[Given information]:
☆ ☆ ☆ ☆
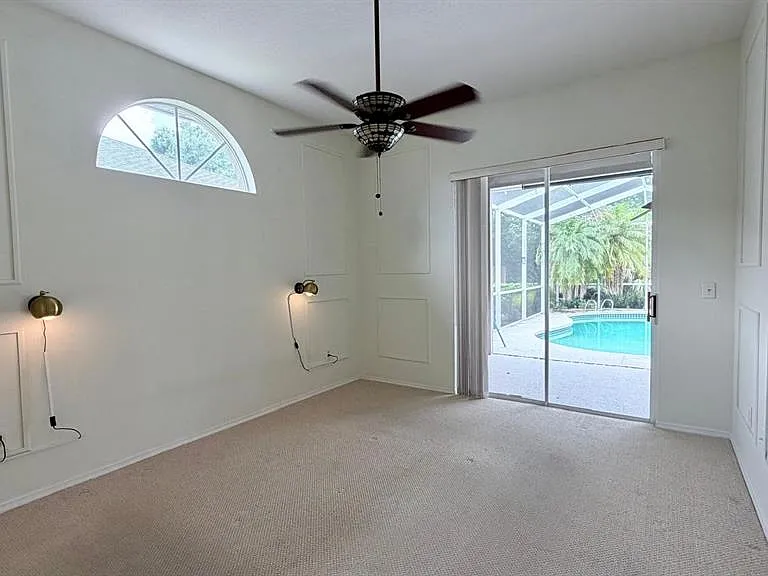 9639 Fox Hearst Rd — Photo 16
☆ ☆ ☆ ☆
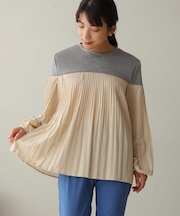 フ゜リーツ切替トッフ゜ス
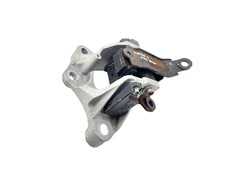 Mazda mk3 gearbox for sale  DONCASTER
☆ ☆ ☆ ☆
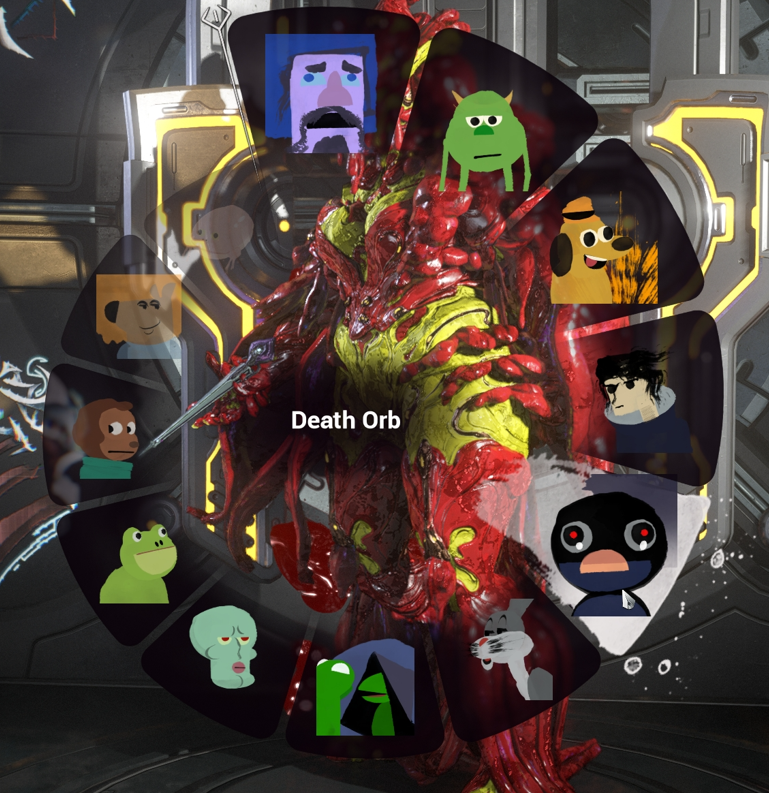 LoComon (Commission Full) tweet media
☆ ☆ ☆ ☆
[What is needed]:
Look through the listing above for the line with "フ゜リーツ切替トッフ゜ス" and the line with "Mazda mk3 gearbox". Write out exactly those lines and everything between, leaving out pictures.

[Exercise answer]:
 フ゜リーツ切替トッフ゜ス
 Mazda mk3 gearbox for sale  DONCASTER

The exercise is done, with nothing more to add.